Abstract:
Myotis davidii cystatin A (MdCSTA), a stefin A-like from the Chinese native bat species M. davidii, was expressed as a recombinant protein and functionally characterized as a strong inhibitor of the cysteine proteases papain, human cathepsins L and B and the tick cathepsin L-like BmCL1. Despite the highly conserved amino acid sequences among stefins A from different vertebrates, MdCSTA presents a Methionine-2 residue at the N-terminal region and the second binding loop (pos 73-79) that differs from human stefin A (HsCSTA) and might be related to the lower inhibition constant (Ki) value presented by this inhibitor in comparison to human stefin A inhibition to cathepsin B. Therefore, to investigate the importance of these variable regions in cathepsin B inhibition, recombinant stefins A MdCSTA and HsCSTA containing mutations at the second amino acid residue and second binding loop were expressed and evaluated in kinetic assays. Enzymatic inhibition assays with cathepsin B revealed that switching the amino acid residues at position 2 and second binding loop region between bat and human CSTAs improved the HsCSTA\'s and reduced MdCSTA\'s inhibitory activity. Additionally, molecular docking analysis estimated lower energy values for the complex between MdCSTA-cathepsin B, in comparison to human CSTA-cathepsin B, while the mutants presented intermediate values, suggesting that other regions might contribute to the higher inhibitory activity against cathepsin B by MdCSTA. In conclusion, MdCSTA, the first bat\'s stefin A-like inhibitor to be functionally characterized, presented a higher inhibitory activity against cathepsin B in comparison to the human inhibitor, which is partially related to the glutamine-rich second binding loop and Met-2. Further structural analysis should be performed to elucidate potential inhibitor effects on cysteine proteinases.
摘要:
Myotisdavidii胱抑素A(MdCSTA),中国本土蝙蝠M.davidii的StefinA样,表达为重组蛋白,功能上表征为半胱氨酸蛋白酶木瓜蛋白酶的强抑制剂,人组织蛋白酶L和B以及蜱类组织蛋白酶L样BmCL1。
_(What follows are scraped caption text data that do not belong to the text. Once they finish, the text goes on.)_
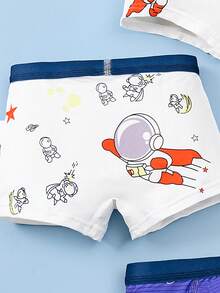 4条装男童舒适柔软透气卡通宇航员印花平角内裤，幼儿/小童/大童 - 彩色 - 查看 5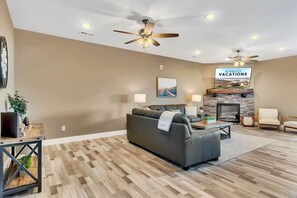 TV, fireplace, foosball, offices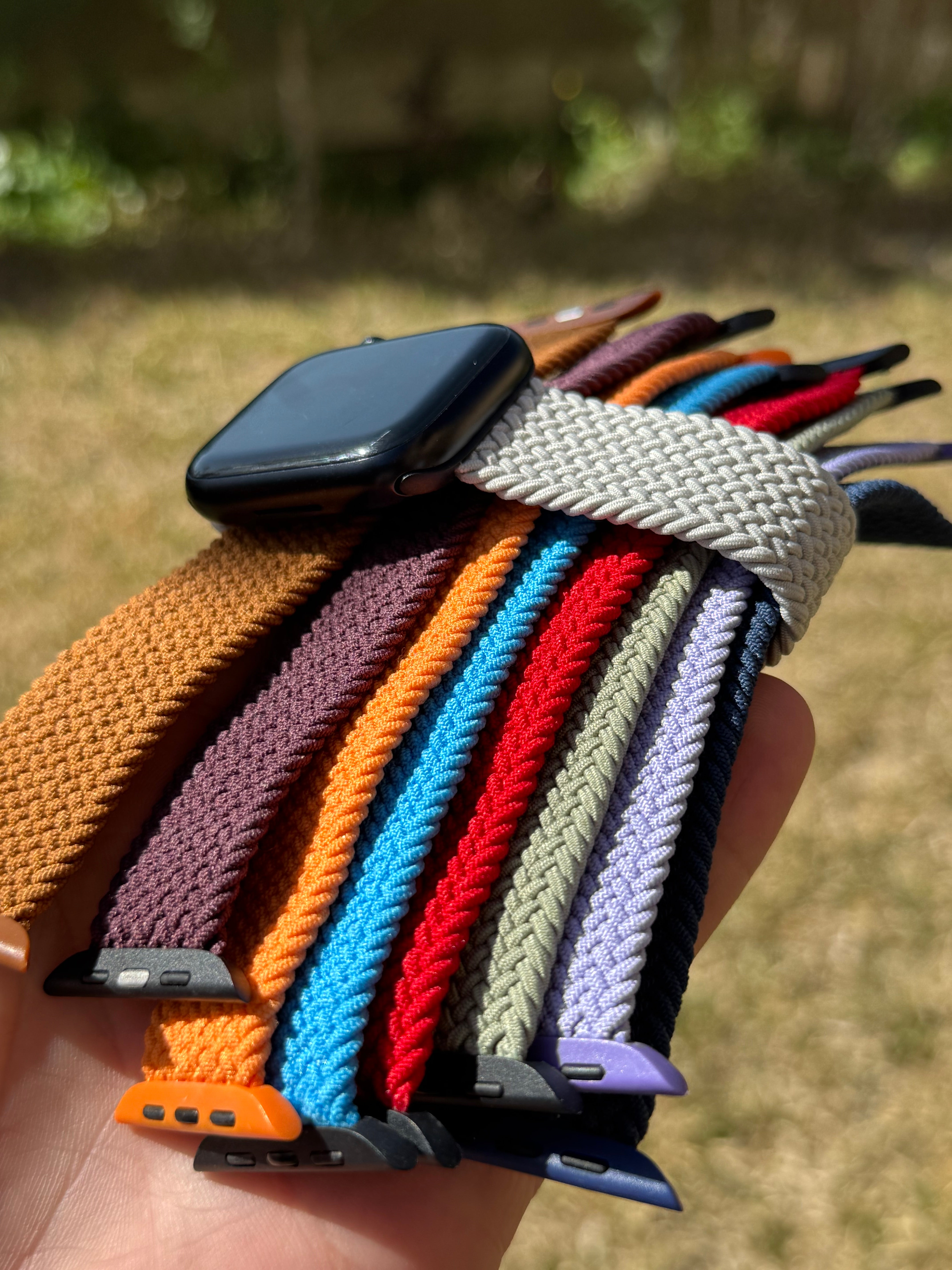 Braided Solo Loop Apple Watch Band – On Wrist No Buckle Detail
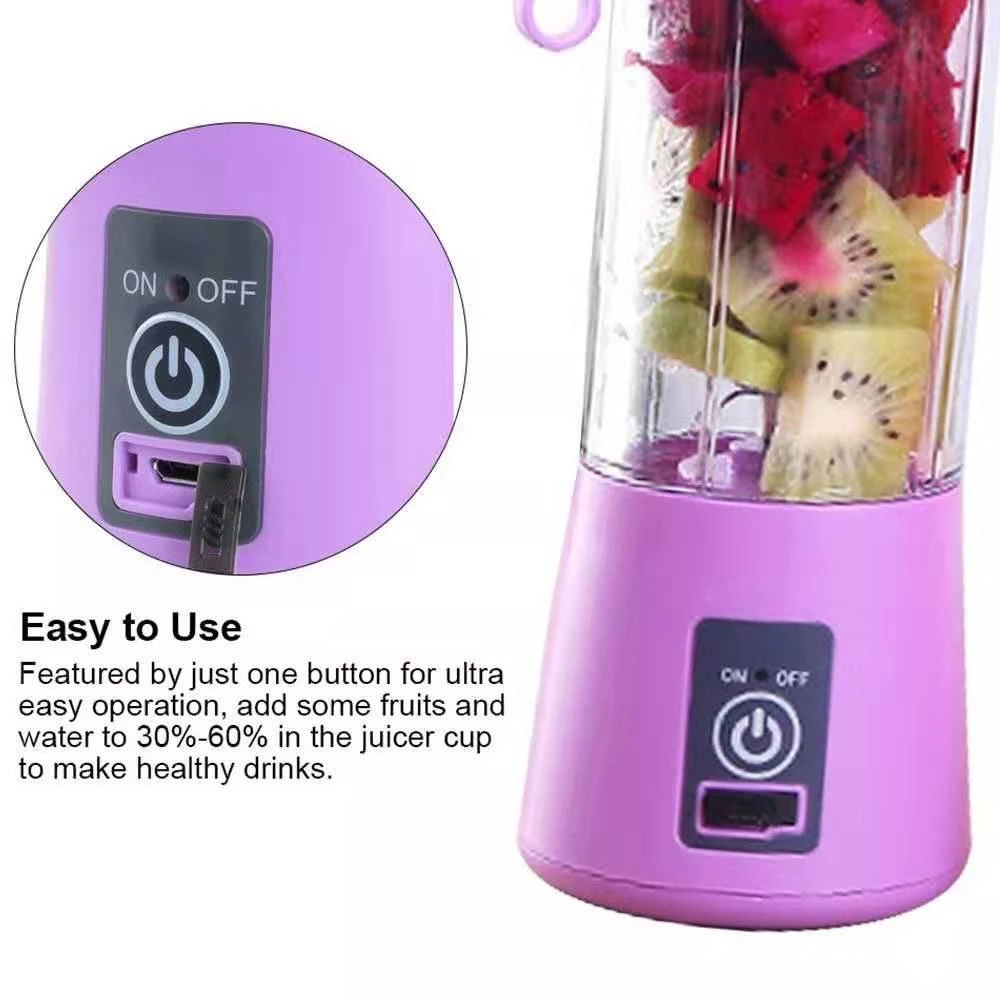 Portable USB Rechargeable Fruit Juice Blender | 380ML Juicer Mixer with 6 Blades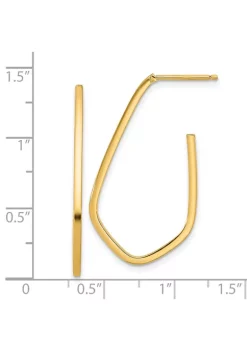 Promo ⌛ 14K Yellow Gold Polished Geometric Shaped J-Hoop Post Earrings by Belk & Co. 🥰 -DealsBelk & Co. Store Belk 35629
尽管来自不同脊椎动物的甜心A的氨基酸序列高度保守,MdCSTA在N末端区域和第二结合环(pos73-79)上存在甲硫氨酸-2残基,这与人StefinA(HsCSTA)不同,并且可能与该抑制剂呈现的较低抑制常数(Ki)值有关,与人StefinA对组织蛋白酶B的抑制相比,因此,为了研究这些可变区在组织蛋白酶B抑制中的重要性,重组StefinsA,MdCSTA和HsCSTA,在第二氨基酸残基和第二结合环处包含突变的表达和在动力学测定中进行评估。用组织蛋白酶B进行的酶抑制试验表明,在蝙蝠和人CSTA之间的第2位和第二结合环区的氨基酸残基的转换提高了HsCSTA的抑制活性,并降低了MdCSTA的抑制活性。此外,分子对接分析估计MdCSTA-组织蛋白酶B之间的复合物的能量值较低,与人CSTA-组织蛋白酶B相比,虽然突变体呈现中间值,表明其他区域可能有助于MdCSTA对组织蛋白酶B的更高抑制活性。总之,MdCSTA,第一个具有功能特征的蝙蝠stefinA样抑制剂,与人抑制剂相比,对组织蛋白酶B具有更高的抑制活性,这与富含谷氨酰胺的第二结合环和Met-2部分相关。应进行进一步的结构分析以阐明对半胱氨酸蛋白酶的潜在抑制剂作用。